When I awoke this morning, I knew I needed to connect and get moving, to be present in my own life, to do what good I can, to turn fury into purpose, since I’m still lucky enough to be alive. I was nurtured by meditating and sitting in circle with the online group that has become ballast for me, then later set out on an 8-1/2 mile walk, where I sought grace and comfort from the divine through the conduit of nature and the physicality of full-body motion. At the turnaround point, I sat for a few moments on a large pink granite slab in the shade, drank (even more!) water, listened to the birds calling and responding, watched the limbs of a perfectly symmetrical tree arch over the wild undergrowth—all of us sheltered in peace.
From around a corner in the trail a vigorous elderly man appeared, his dog moseying beside him, enervated by his long coat in the midday heat. The man didn’t notice me at first, but his dog did, and picked up his pace to run toward me. He nuzzled his head against my knees; he pushed his head against my petting hand; he pinned my legs against the rock with his torso. In all his golden retriever glory, he ignored his person’s pleas to continue on their walk, leave the nice lady alone, etc., and he instinctively, effusively comforted me. When the man finally convinced his dog to leave—I could have sat there all afternoon, basking in dog—the good boy leaped in the air and wriggled his whole body, from head to toe, in a motion that looked to me like joy.
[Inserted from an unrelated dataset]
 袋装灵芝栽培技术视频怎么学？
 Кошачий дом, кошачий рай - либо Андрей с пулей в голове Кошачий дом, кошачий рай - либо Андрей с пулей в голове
Sometimes, the beach is quilted with pebbles arranged in a row from the tide as an organized artist and the sand is saturated with saltwater to allow footsteps to raise in relief rather than sink in impression. Sometimes, we or our beloveds or anyone’s beloveds are present at the exact moment to witness the worst in the world, and sometimes, we’re present at the exact moment to witness the simplest, most beautiful best.